Bevy is a refreshingly simple data-driven game engine built in Rust. It is free and open-source forever!
WARNING
Bevy is still in the early stages of development. Important features are missing. Documentation is sparse. A new version of Bevy containing breaking changes to the API is released approximately once every 3 months. We provide migration guides, but we can't guarantee migrations will always be easy. Use only if you are willing to work in this environment.
MSRV: Bevy relies heavily on improvements in the Rust language and compiler. As a result, the Minimum Supported Rust Version (MSRV) is generally close to "the latest stable release" of Rust.
Design Goals
- Capable: Offer a complete 2D and 3D feature set
- Simple: Easy for newbies to pick up, but infinitely flexible for power users
- Data Focused: Data-oriented architecture using the Entity Component System paradigm
- Modular: Use only what you need. Replace what you don't like
- Fast: App logic should run quickly, and when possible, in parallel
- Productive: Changes should compile quickly ... waiting isn't fun
About
- Features: A quick overview of Bevy's features.
- News: A development blog that covers our progress, plans and shiny new features.
Docs
- The Bevy Book: Bevy's official documentation. The best place to start learning Bevy.

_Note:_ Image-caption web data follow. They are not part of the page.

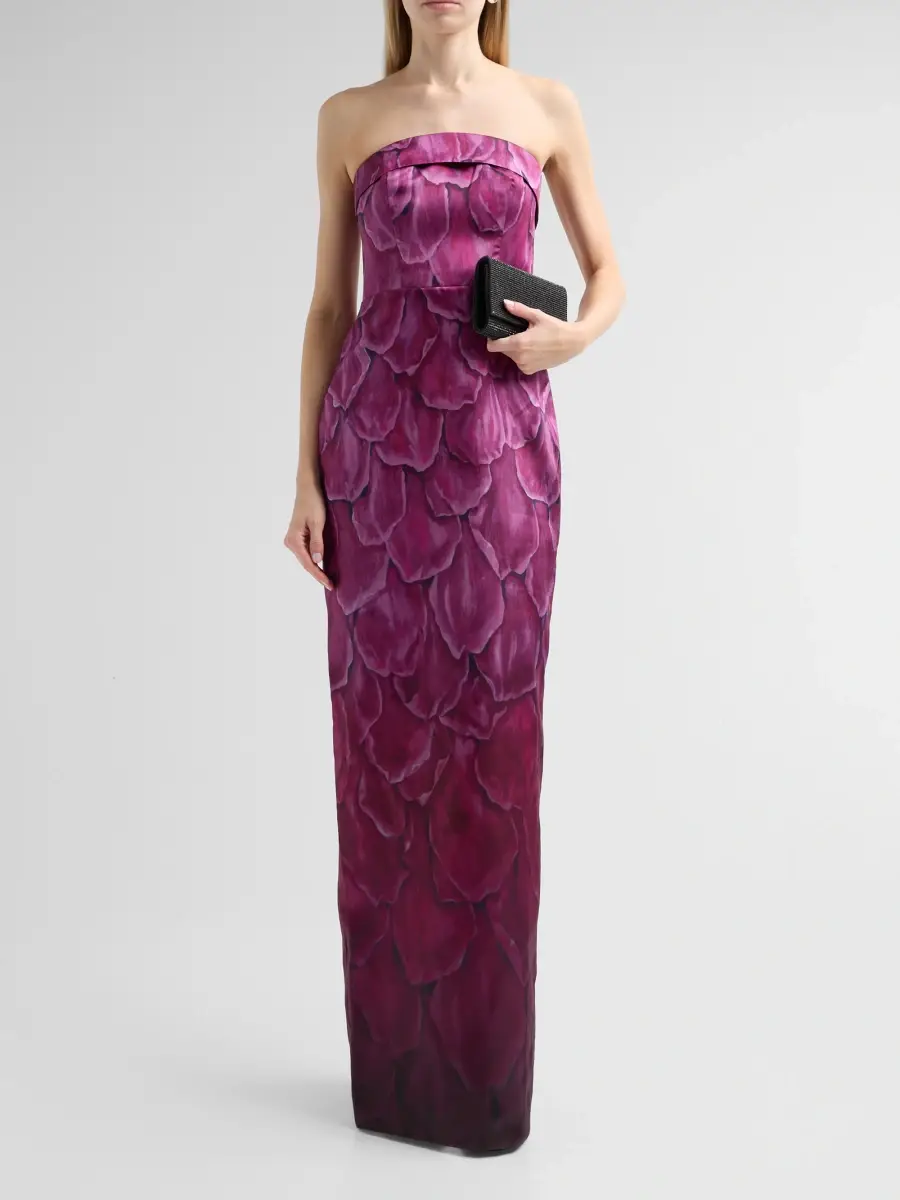 THEIA Women's Cleo Ombré Petal-Print Strapless Column Gown | Thumbnail 2 THEIA Women's Cleo Ombré Petal-Print Strapless Column Gown | Thumbnail 2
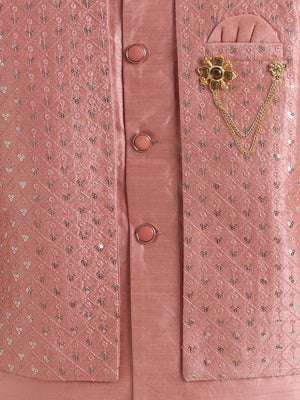 Ahhaaaa Boy's Ethnic Cotton Silk Blend Nehru Modi Jacket Kurta & Pyjama Set for Boys|Sequin Embellished Ethnic Set|Ideal for any Festivals/Weddings Occasion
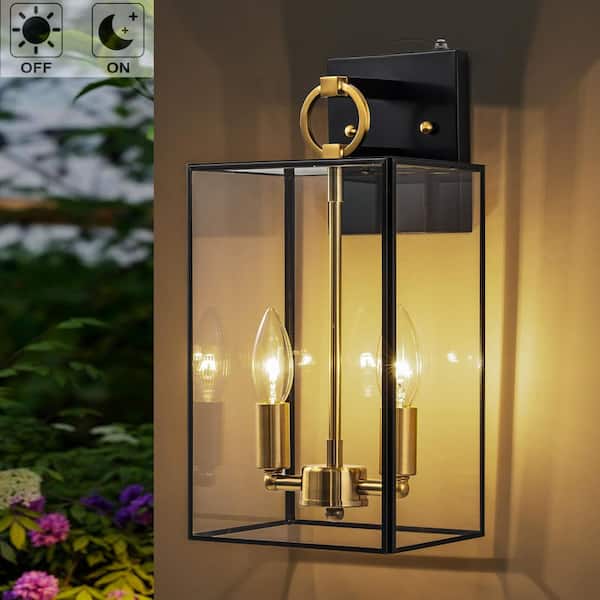 14. 5in 2-Light Dusk to Dawn Dark Bronze Finish Brass Outdoor Hardwired Wall Lantern Sconce with No Bulbs Included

- Bevy Rust API Docs: Bevy's Rust API docs, which are automatically generated from the doc comments in this repo.
- Official Examples: Bevy's dedicated, runnable examples, which are great for digging into specific concepts.
- Community-Made Learning Resources: More tutorials, documentation, and examples made by the Bevy community.
Community
Before contributing or participating in discussions with the community, you should familiarize yourself with our Code of Conduct.
- Discord: Bevy's official discord server.
- Reddit: Bevy's official subreddit.
- GitHub Discussions: The best place for questions about Bevy, answered right here!
- Bevy Assets: A collection of awesome Bevy projects, tools, plugins and learning materials.
If you'd like to help build Bevy, check out the Contributor's Guide. For simple problems, feel free to open an issue or PR and tackle it yourself!
For more complex architecture decisions and experimental mad science, please open an RFC (Request For Comments) so we can brainstorm together effectively!
Getting Started
We recommend checking out The Bevy Book for a full tutorial.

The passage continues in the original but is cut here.